Madison Valencia carried a shotgun. She carried a machete. She carried a sewing kit, a scalpel, a blue moon tattoo on her wrist, and two-hundred-sixty-five-home-made-third-degree-burn skin grafts across her body. She carried her father's last name and, after the incident, it had become who she was. After Madison Square Garden burned, she ditched the first name; after she had come home one afternoon to find her gray, deteriorating father smothered in blood and advancing on her from the sunlight filled kitchen; after she had loaded a round into the barrel of the shotgun and feebly stuttered, "I-I-I'm doing th-this bec-c-cause I-I-I-I-I love you," ; after she had blown his fucking brains out. That was when the outbreak had turned into an epidemic. And because of globalization-because of the Internet and airports and fast food restaurants, because of oppression and censorship and because the government could never quite wrap their heads around the fact that Reaganomics screwed the working class-the epidemic had turned into the apocalypse. So, Valencia: Valencia was all she had left, the identity she struggled to maintain, the childhood memories she desperately clung to-but after a teenage daughter has to blast the mindless gourd off of her own father's decayed body, it's not so much about reflection anymore than it is about survival.

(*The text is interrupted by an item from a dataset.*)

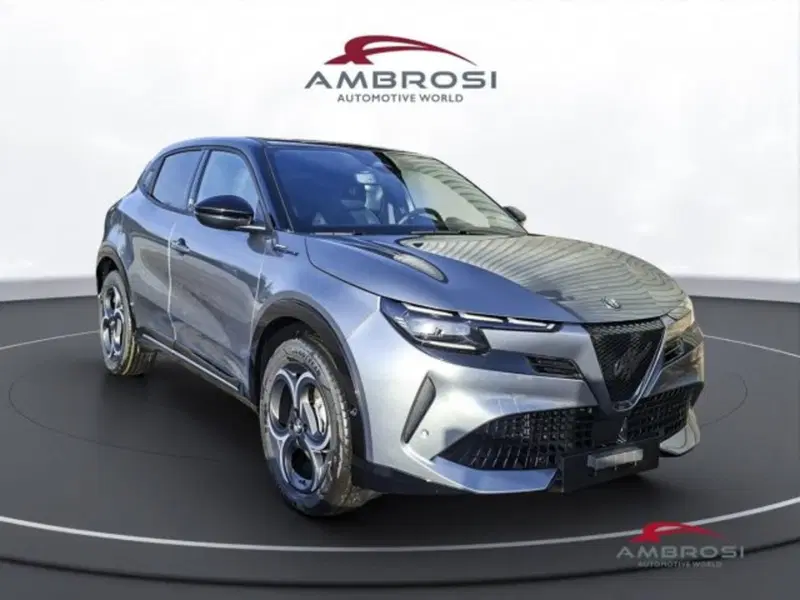 Alfa Romeo Junior nuova a Perugia (2)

Valencia stood poised on the hill watching the city burn below. The skyscrapers engulfed in flames stretching toward the red and black sky, ash rain falling all around her like leaves in autumn or flower petals at a wedding-this was Hell, and it was beautiful. She fingered the matchbook in the pocket of her leather jacket. This was her doing. This was the world now: fire and murder and constant movement-collaborating with fellow survivalists in urban regions and travelling alone through sparsely populated lands. New York had burned; Chicago had burned; D.C. and New Orleans and San Francisco. Every major city was a now crematorium. She carried the weight of thousands of tons of bricks and concrete and shattered glass and the dead and dying dreams of a young idealist. She carried a sketchpad, drawing pencils, crumpled song lyrics, headphones. She did not carry an iPod. The crackles and pops of the dying embers of a city reduced to ash and rubble were her lullaby.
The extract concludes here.